By Virginia2004 (Virginia2004) on Saturday, August 28, 2004 - 04:43 pm: Edit

I dont know why but i get all the other problems right except this one.

9-(9z+5)=6(4z-5)+3
it says to solve the linear equation and simplify your answer, i know the right answer i just cant get to it.

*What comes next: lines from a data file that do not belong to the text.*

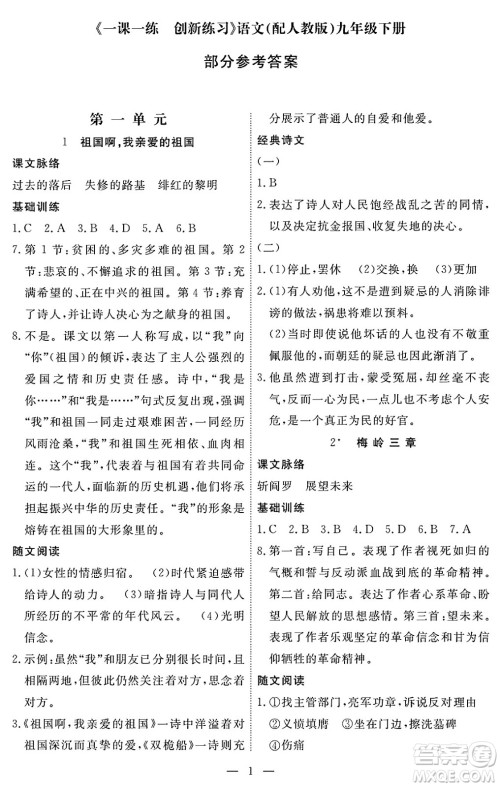 江西人民出版社2025年春一课一练创新练习九年级语文下册人教版答案 江西人民出版社2025年春一课一练创新练习九年级语文下册人教版答案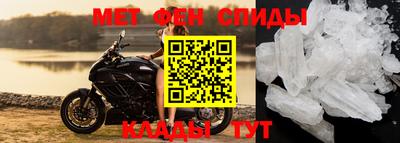 jwh Ипатово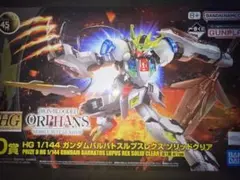 TH ガンプラ まとめ売りガンダム セット 単体購入可能 TH ガンプラ まとめ売りガンダム セット 単体購入可能 TH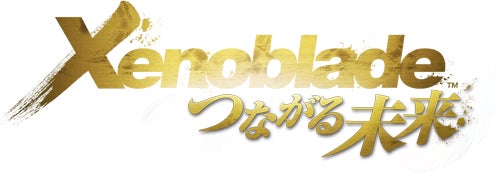 Xenoblade つながる未来
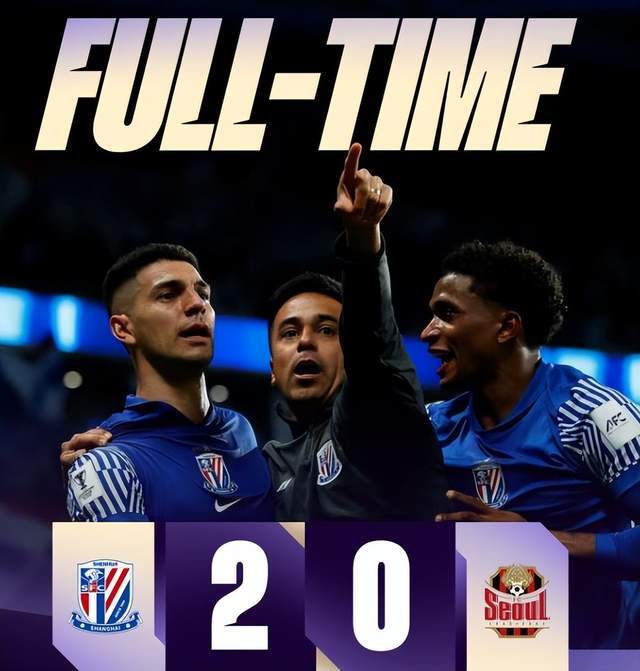 原创 好教练!斯卢茨基:亚冠全主力出战,赢了对联赛就是正反馈!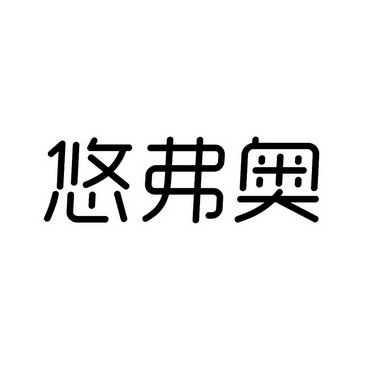 优芙安_企业商标大全_商标信息查询_爱企查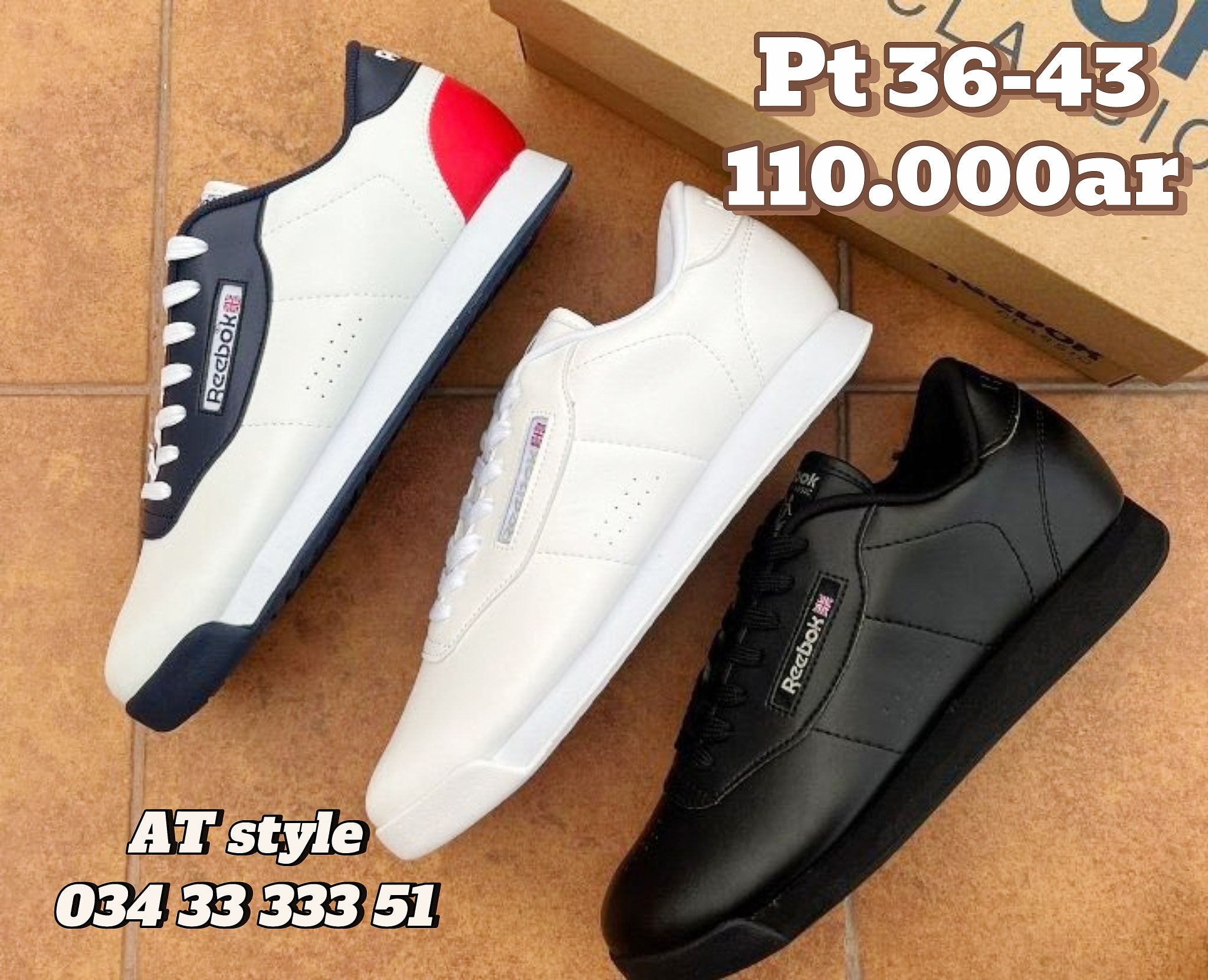 AT Style Facebook ad: Chaussure très classe, pour femme comme pour homme.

By Link12 (Link12) on Saturday, August 28, 2004 - 04:51 pm: Edit

Well, as long as you're practicing:
9-(9z+5)=6(4z-5)+3
Expand: 9-9z-5=24z-30+3
Simplify: 4-5z=24z-27
Bring varables to LHS, numbers to RHS: 19z=-31
Divide both sides by 19: z=-31/19.


So, z= -31/19.

By Equestrian (Equestrian) on Saturday, August 28, 2004 - 05:13 pm: Edit

I got z = 31/33

???

By Lisasimpson (Lisasimpson) on Saturday, August 28, 2004 - 06:03 pm: Edit

yea i think its 31/33 .. somehow link simplified 9-9z-5 to get 4-5z

By Virginia2004 (Virginia2004) on Saturday, August 28, 2004 - 06:07 pm: Edit

so how do you simplify it right?

By Link12 (Link12) on Saturday, August 28, 2004 - 06:18 pm: Edit

My mistake...

By Ubercollegeman (Ubercollegeman) on Saturday, August 28, 2004 - 07:36 pm: Edit

I have a problem with why the book calls this a "linear equation." I mean, it is a linear equation, but if you're just learning this stuff, why bog the student down with terms?

I mean, it's like saying:

Solve the POLYNOMIAL equation x-4=0, x AN ELEMENT OF THE REAL NUMBERS on the DOMAIN, {x:x AN ELEMENT OF (-infty, +infty)}.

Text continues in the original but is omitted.